» What the task requires
Begin at the line that holds "İcekum da Deniz" and retype every line through the end of the material, both included. Leave out the pictures.

⁂

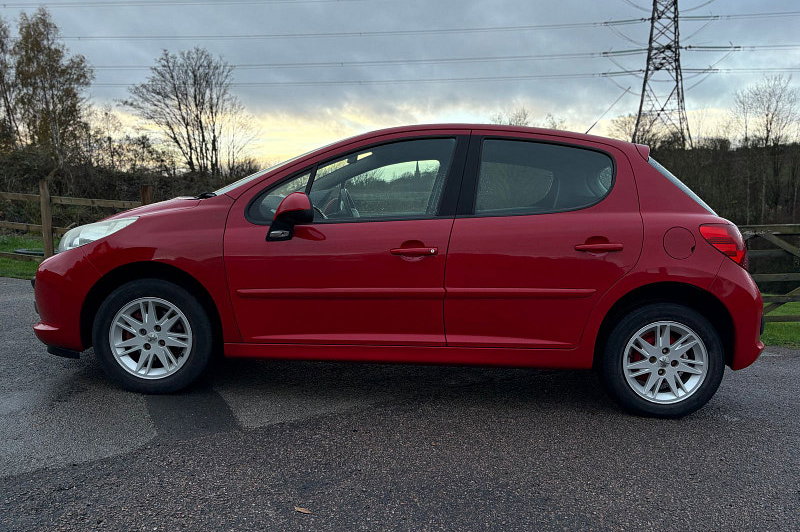 2007 Peugeot 207 1.4 m:play Hatchback 5dr Petrol Manual (150 g/km, 75 bhp)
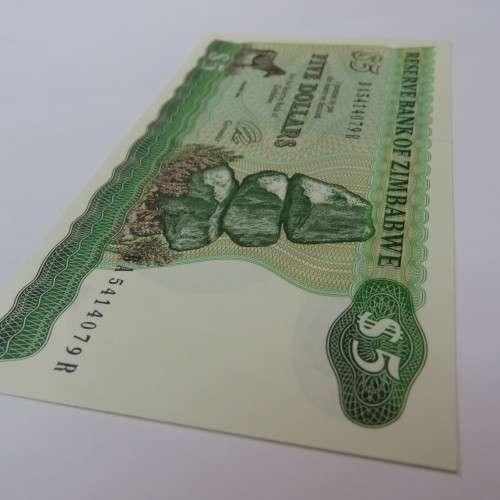 Zimbabwe 4th issue Five Dollars Harare 1994 uncirculated - ZW15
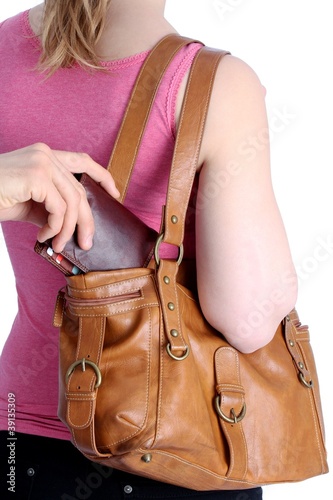Photo: Diebstahl Geldboerse aus Handtasche Diebstahl Geldboerse aus Handtasche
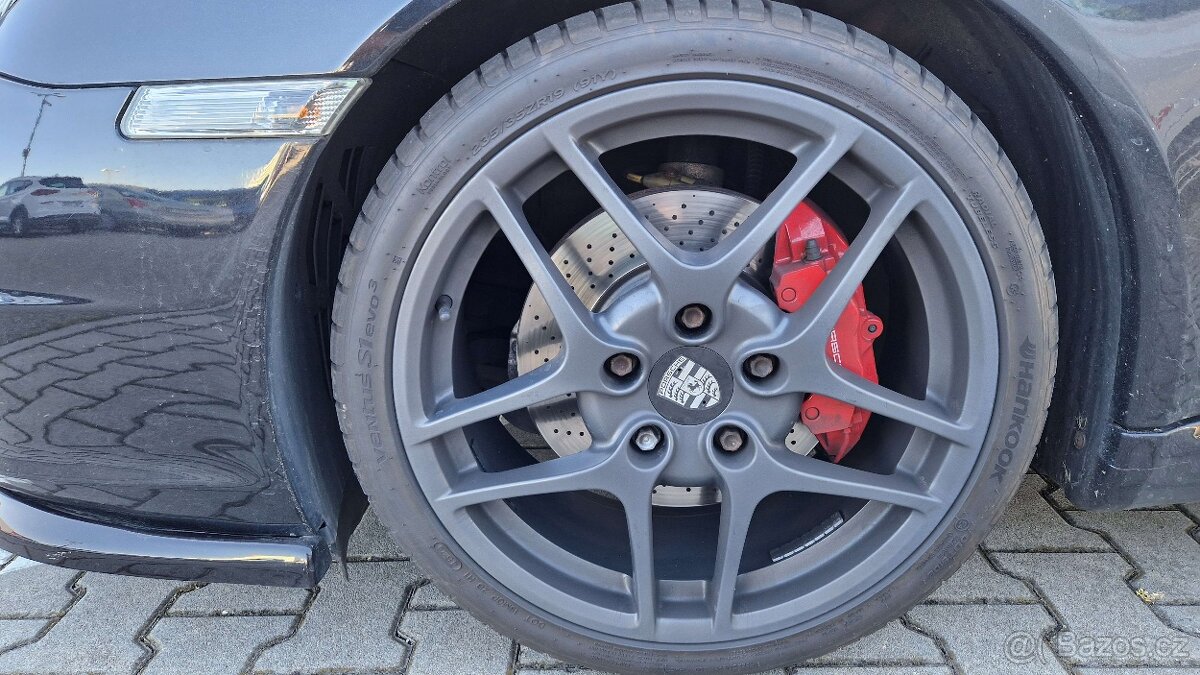 Porsche Carrera 911 S - 10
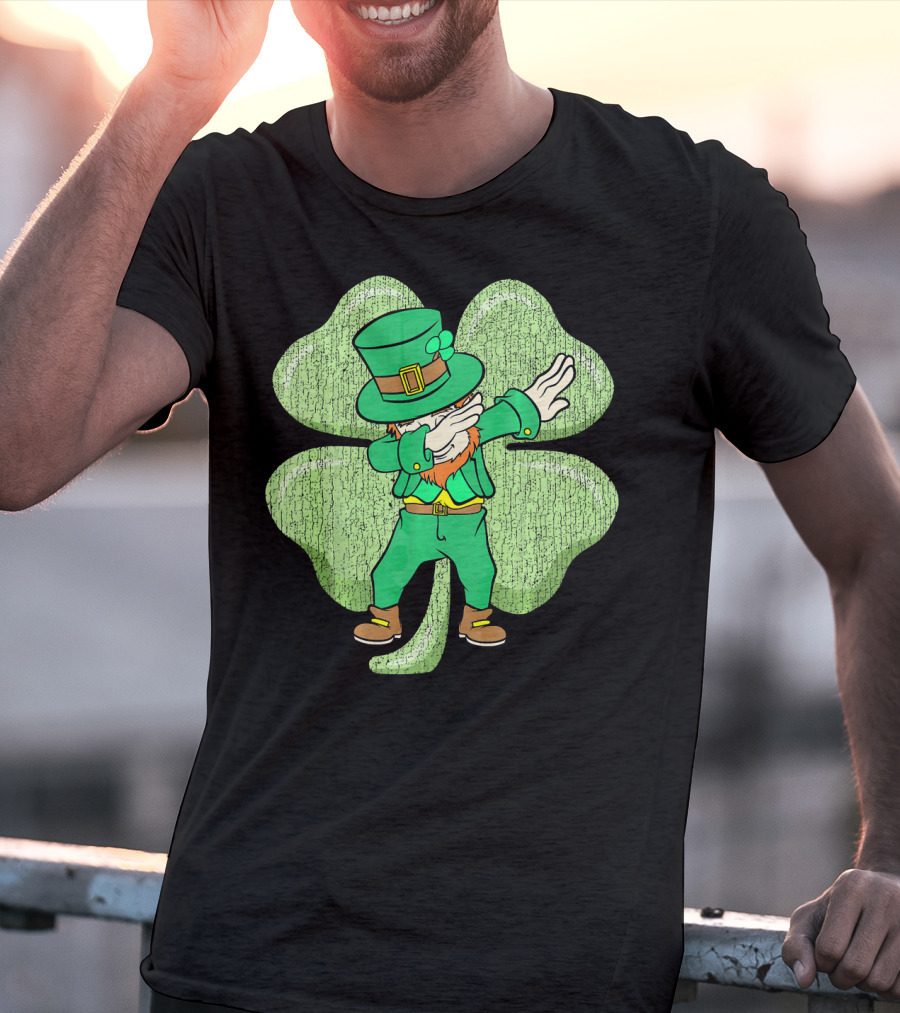 St. Patrick's Paddy's Irish Dabbing Leprechaun With Shamrock T-Shirt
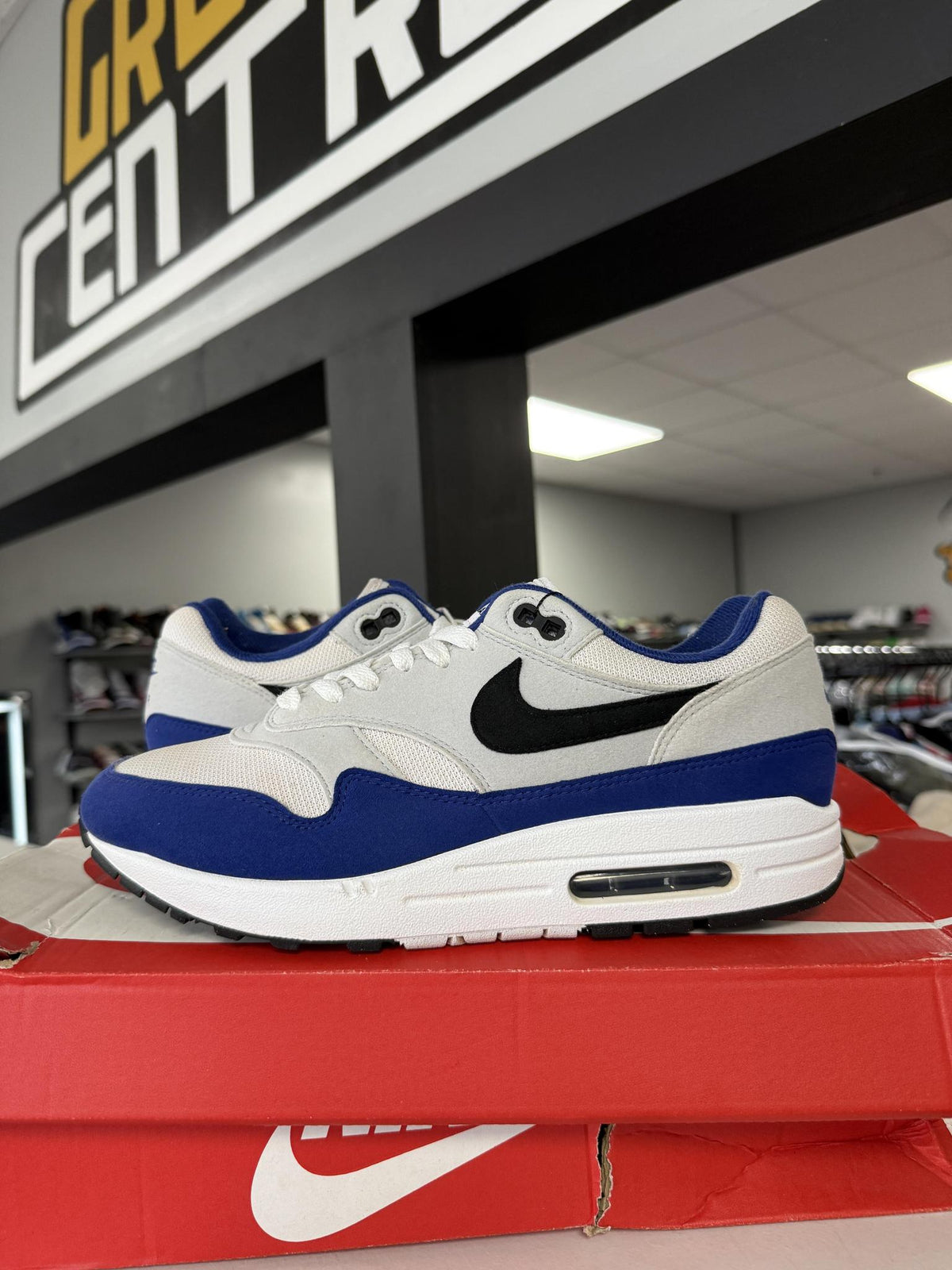 Nike Air Max 1 "Royal Blue" Used Size 8.5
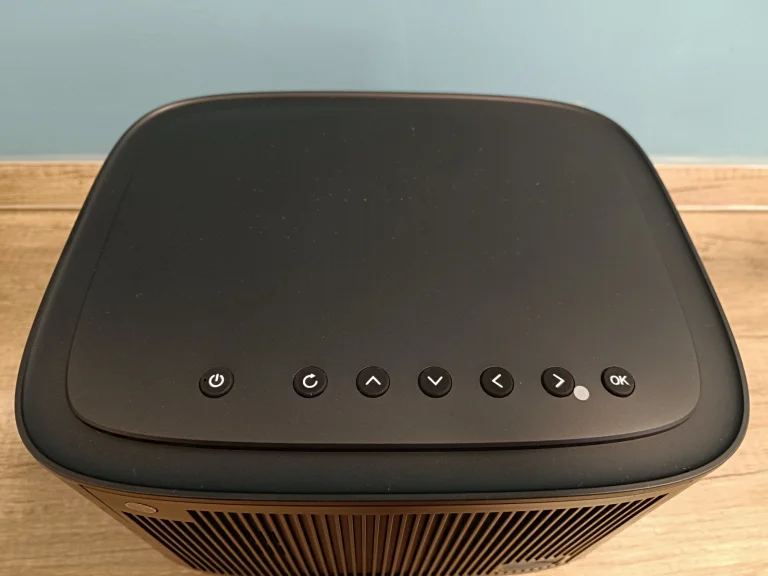 Prueba 50 del proyector Ultimea Apollo P6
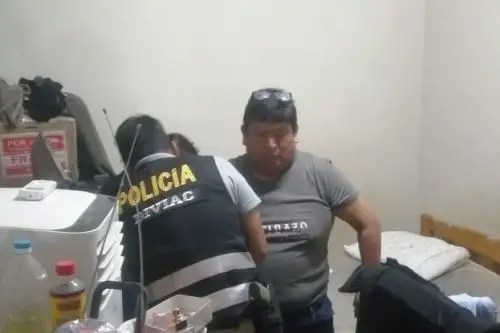 Detienen a fiscal superior de Ucayali, Luis Alberto Jara Ramírez, acusado de liderar organización criminal dentro del Ministerio Público de Ucayali.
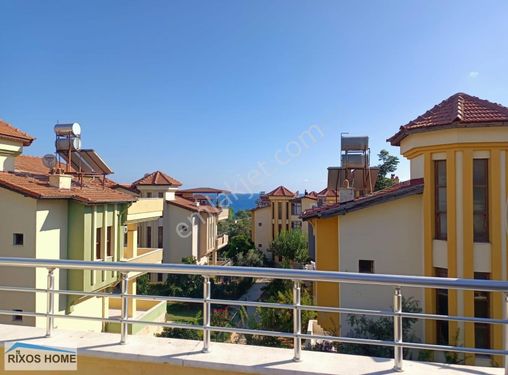 İcekum da Deniz Manzaralı Tripleks Kiralık Villa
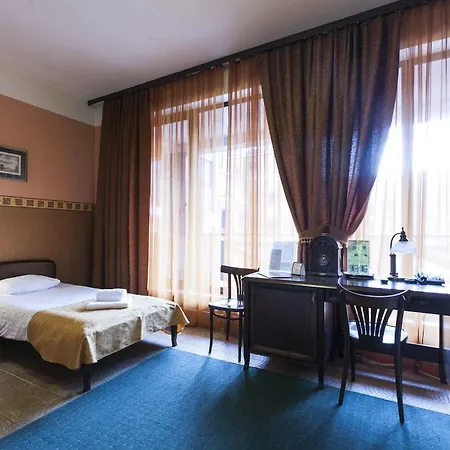 Fort Hotel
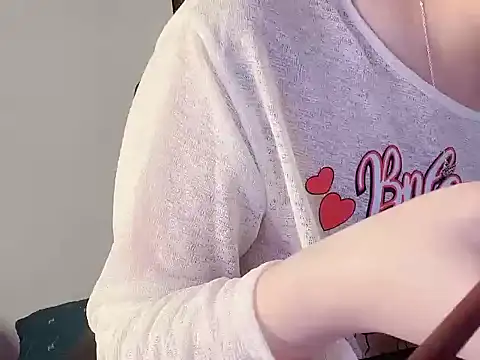 hunhun122 online show from 04-07-26, 08:32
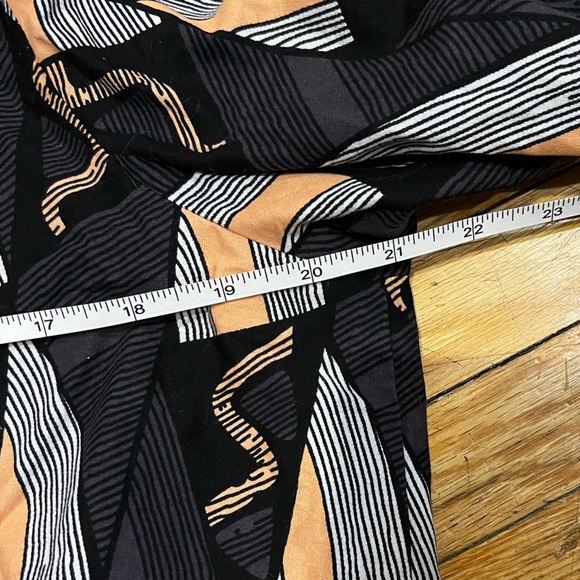 Zuri blouse, made in Kenya - Picture 4 of 6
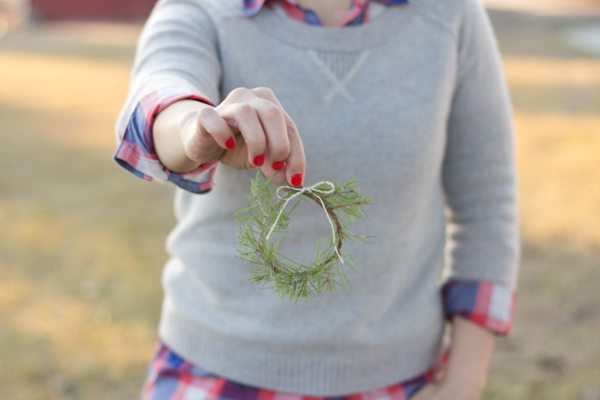 DIY Mini Holiday Wreaths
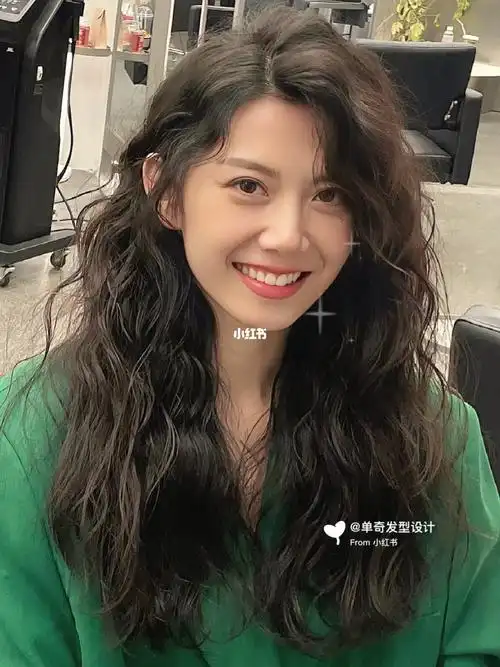 复古港风蛋卷头烫一次就爱上的法式卷发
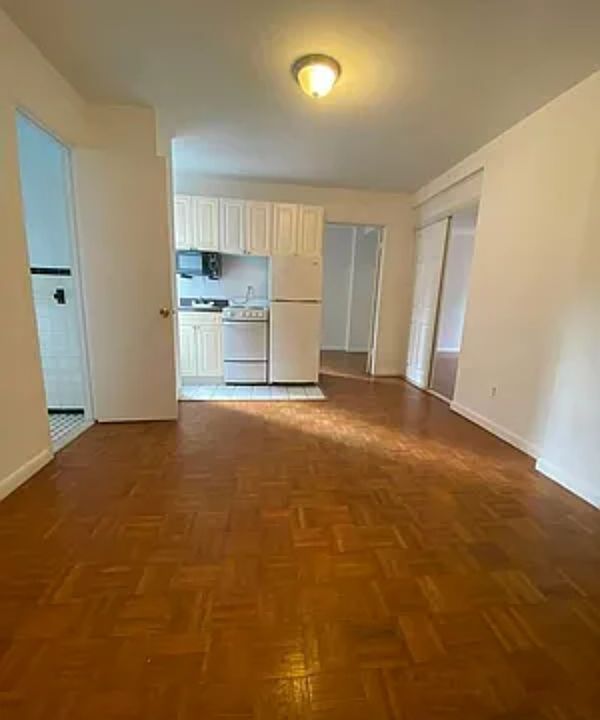 2nd image of 203 E 27th St #47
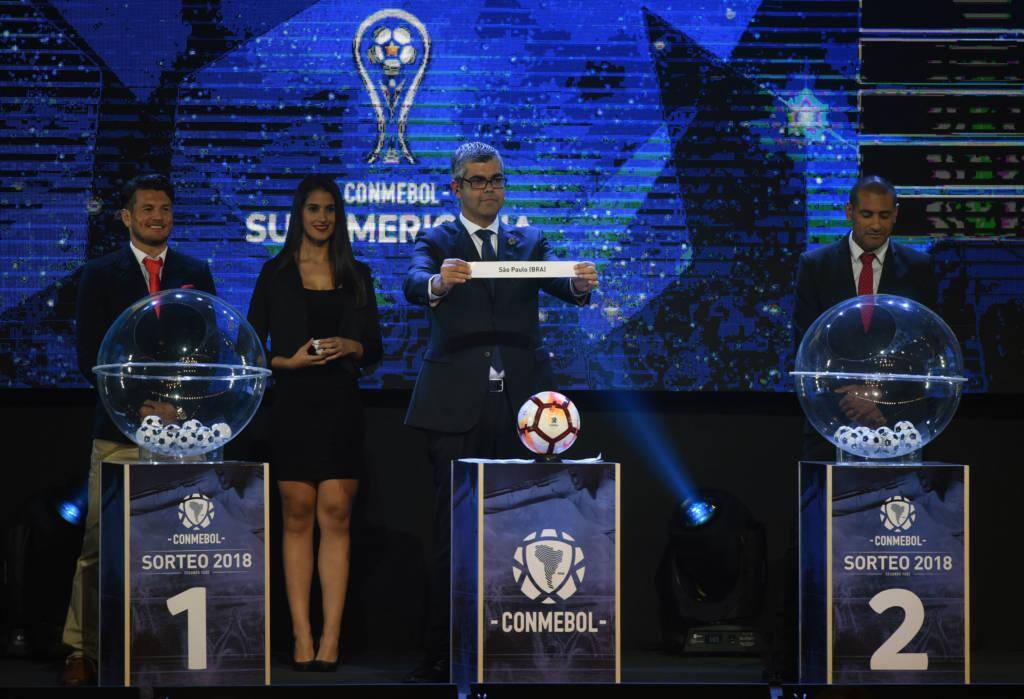 Os sorteios das copas Libertadores e Sul-Americana serão na noite desta segunda-feira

⁂

» Response to the task
 İcekum da Deniz Manzaralı Tripleks Kiralık Villa
 Fort Hotel
 hunhun122 online show from 04-07-26, 08:32
 Zuri blouse, made in Kenya - Picture 4 of 6
 DIY Mini Holiday Wreaths
 复古港风蛋卷头烫一次就爱上的法式卷发
 2nd image of 203 E 27th St #47
 Os sorteios das copas Libertadores e Sul-Americana serão na noite desta segunda-feira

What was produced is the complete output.